Indeed, recent academic research shows that wind power may actually increase greenhouse gas emissions in some cases, depending on the carbon-intensity of back-up generation required because of its intermittent character.

 

** Postscript:  The best way to read this table, IMO, is to take the net value of capacity and energy substitution and compare it to the CO2 savings value.

click to enlarge

The first line is just from the first line of the table above.   The second is essentially the net of all the other lines.

I think this makes is clearer what is going on.  For wind, we invest $106,697 for $132,030 $132,030 for $106,697 in emissions reduction (again, I think the actual number is lower).  In Solar, we invest $258,322 for $69,502 in emissions reduction.    For gas, on the other hand, we have no net investment -- we actually have a gain in these other inputs from the switch -- and then we also save $416,534.  In other words, rather than paying, we are getting paid to get $416,534 in emissions reduction.  That is not several times better than Solar and Wind, it is infinitely better.
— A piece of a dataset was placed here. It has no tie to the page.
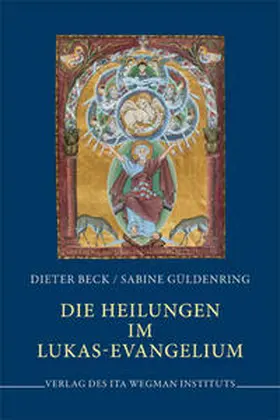 Beck / Güldenring |  Die Heilungen im Lukas-Evangelium | Buch |  Sack Fachmedien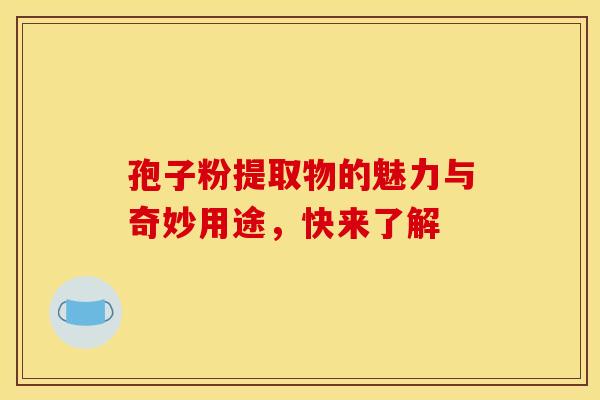 孢子粉提取物的魅力与奇妙用途，快来了解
Postscript #2:  Another way to look at this -- if you put on a carbon tax in the US equal to $50 per ton of CO2 that fuel would produce, then it still likely would make no sense to be building wind or solar plants unless there remained substantial subsidies for them (e.g. investment tax credits, direct subsidies, guaranteed loans, above-market electricity pricing, etc).  What we would see is an absolute natural gas plan craze.

23 Comments

  1. rxc:

    It is not just having the plants in "spinning reserve". You also have to have suppliers prepared to send you the coal or gas that you are going to burn, as well as the collection and pipeline capacity for the gas or the railroad transportation capability for the coal. And for the coal you also need the coal miners standing by to dig it out of the ground. None of this is free.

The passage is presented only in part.